Solitaire Rewards Too High

google-deepmind / open_spiel

OpenSpiel is a collection of environments and algorithms for research in general reinforcement learning and search/planning in games.

Apache License 2.0

4.28k stars 938 forks source link

Solitaire Rewards Too High #742

Closed nileshop22 closed 2 years ago

nileshop22 commented 3 years ago

Hi @lanctot , first of all this is amazing collaborative effort! Thanks for this library. I tried training DQN with Solitaire in Pytorch by tweaking the code here but the rewards are too high that my Q-values becomes NaN. Is there any way to resolve this? Is rescaling the rewards a good option? If yes, how should I rescale them.

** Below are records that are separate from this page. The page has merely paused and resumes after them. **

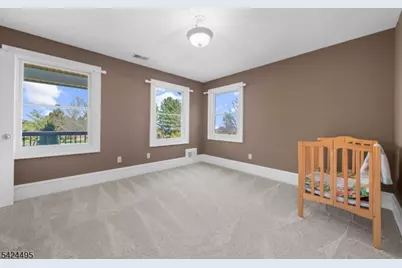 44 Country Acres Dr, Union Township, NJ 08827 - Photo 26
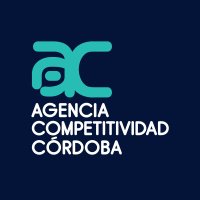 Agencia Competitividad Córdoba (@compcba) 's Twitter Profile Photo Agencia Competitividad Córdoba (@compcba) 's Twitter Profile Photo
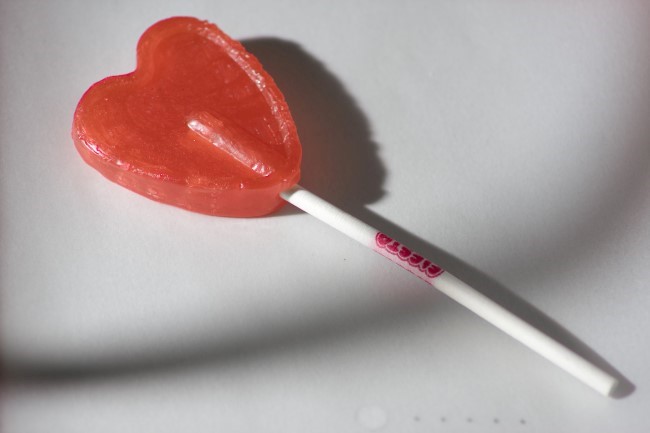 10 Caramelos Míticos Que Comiste De Pequeño 10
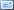 Email Support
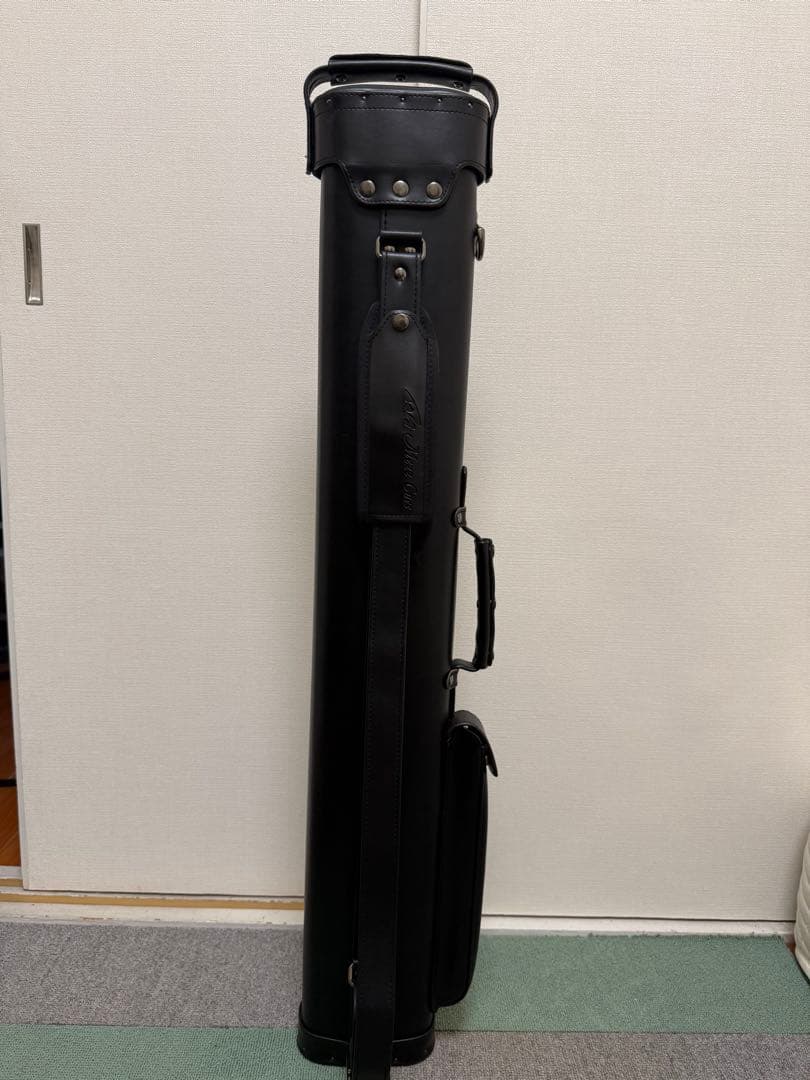 Mezz キューケース メッツ GMC-35K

Any help would be really appreciated! Thanks

lanctot commented 3 years ago

Hmm, looking at the solitaire max reward: https://github.com/deepmind/open_spiel/blob/dbfb14322c8c3ebc089310032a56bfaed0dc4c01/open_spiel/games/solitaire.cc#L1556

That is a higher range than a lot of the other games. I am still surprised that you get NaNs though.

Maybe the learning rate is too high? I would first try tuning down the learning rate of your DQN agent (lower, maybe try 0.001 or 0.0005) because if that works then you don't have to modify the game.

But otherwise yes, you can also always transform your rewards to [0,1] by doing (game.min_utility() + reward) / (game.max_utility() - game.min_utility()).

nileshop22 commented 3 years ago

Hi @lanctot, thanks for your response. I implemented both of your suggestions and started training. I was wondering if someone has trained Solitaire before and if yes, how much reward they got after training? Thanks.

lanctot commented 3 years ago

I have not run it myself nor anybody in our team.

I will tag the original author of the game: @tyjch. Maybe they will have a better answer for you.

nileshop22 commented 3 years ago

Hi @tyjch, can you please look into this. Also, if you did train then how did you modified your rewards so that the training becomes stable. I'm unable to get good results with DQN for rewards in [0,1].

holgersindbaek commented 2 years ago

@nileshop22 @tyjch I'd love to see an implementation example for solitaire as well!